Production and consumption for the farming household

The diagrams in Fig. 2.20 begin our analysis of the entire food system, showing the interaction between production and consumption for an individual person. The diagram allows us to imagine the choices of a farmer who is entirely self-sufficient, and does not exchange anything at all with other people. The diagram focuses on one of their foods they grow and eat, for example beans. Their production options between beans and all other things are limited by their PPF, along which the highest level of wellbeing is at the hollow O based on their consumption preferences shown by the dotted indifference curve. Other points along their PPF are equally possible but would be less preferred in consumption. The left side diagram shows this farmer in a situation where other people offer to buy beans from them in exchange for other things, while the right diagram shows a situation where other people offer to sell beans to them in exchange for other things.

Starting with the left diagram in Fig. 2.20, if other people offer to buy some beans along a steeper price line than the slope of the farmer’s PPF at their self-sufficient level of production, the farmer could reach a higher level of wellbeing by selling some of the beans they produced leftward along the price line up to the gray dot which reaches the dashed indifference curve. Learning from experience, however, the farmer would soon discover that they can reach even higher wellbeing by moving production along their PPF to the right, increasing production of beans so as to sell a larger quantity and reach the solid indifference curve which turns out to be the best of their available options, given their production options and consumption preferences.

Now turning to the right side of Fig. 2.20, we see the identical farmer in a situation where other people offer to sell them some beans at a lower price than the slope of their PPF in self-sufficiency. Again we can see that the farm could improve their wellbeing by accepting the offer, selling some of their beans from the original point of production rightward along the price line down to the gray dot which reaches the dashed indifference curve. Again, however, we would expect them to learn from experience, and soon discover that they can reach an even higher level of wellbeing by moving production along their PPF to the left, reducing production of beans so as to make more other things which they sell to others and reach the solid indifference curve, which in this case is the highest they can reach given their production options and consumption preferences.

Taken literally, the diagram refers to an individual farmer living alone, but we can also use the diagram to describe a farm household that pools their resources and makes joint decisions in service of the whole family’s wellbeing.
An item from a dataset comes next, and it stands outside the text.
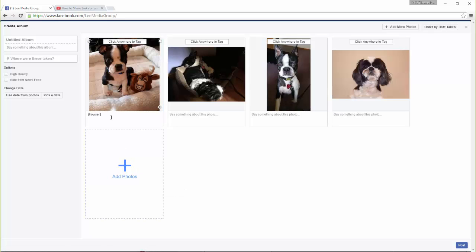If you would like, you can add captions to each individual photo. You can also tag the people who appear in the photos by clicking the white button above each image.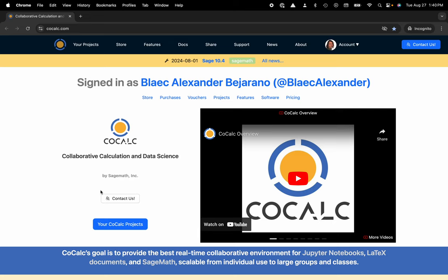Hi everyone, my name is Blake Bejarano and today I'm going to show you how to upload a file from your local computer to your CoCalc project.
In later chapters we will address some of the ways in which households do not act like individuals, for example due to differences between household members in their preferences and bargaining power. Gender and age disparities within each household can be extremely important for nutrition and health, and for the wellbeing for women and children generally. We will return to that topic but for now we can imagine the benchmark case of a unified household that is either one individual or a family that acts together as if they were a single farmer who consumes some or all of what they grow.
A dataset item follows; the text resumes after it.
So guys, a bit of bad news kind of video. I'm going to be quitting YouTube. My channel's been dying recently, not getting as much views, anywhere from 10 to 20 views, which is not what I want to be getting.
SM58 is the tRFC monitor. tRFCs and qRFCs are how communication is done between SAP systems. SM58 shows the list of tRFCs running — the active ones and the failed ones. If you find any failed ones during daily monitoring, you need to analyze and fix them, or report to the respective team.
Comparing the two sides of Fig. 2.20 is the foundational discovery of economics, showing how exchanging goods with other people helps each person or joint household reach a higher level of wellbeing for themselves and their children. The magnitude of gain depends on the details of each line and curve, but the qualitative discovery is that gains from trade exist whether other people want to buy from us or sell to us. In either case, remaining entirely self-sufficient is possible but undesirable and therefore unlikely to be observed. Exchanging with others, whether buying or selling, helps farmers overcome diminishing returns on their own farm in both production and consumption. This observation helps explain why even the most ancient archeological sites show evidence of food trade, and even the most remote people who value self-reliance choose to exchange with other people at least some of what they produce and consume.

The final analytical diagram to complete this chapter shows how economists can use PPFs and indifference curves for an individual farmer to explain and predict response to change. Students can redraw these diagrams for any imaginable scenario, identifying cause and effect for changes in nature or technology and hence production possibilities, changes in market conditions and hence relative prices, or changes in preferences and hence the shape of each indifference curve. The example shown is the impact of a lower relative price of beans than was used to draw the farmer’s previous choice, as illustrated in Fig. 2.21.

Fig. 2.21
2 line graphs of the quantity of all other goods versus the quantity of beans plot downward curves along with 2 tangent lines. Left. The curves depict that a lower price of beans reduces the well-being of the net sellers. Right. The curves depict that lower prices of beans improve the well-being of the net buyers.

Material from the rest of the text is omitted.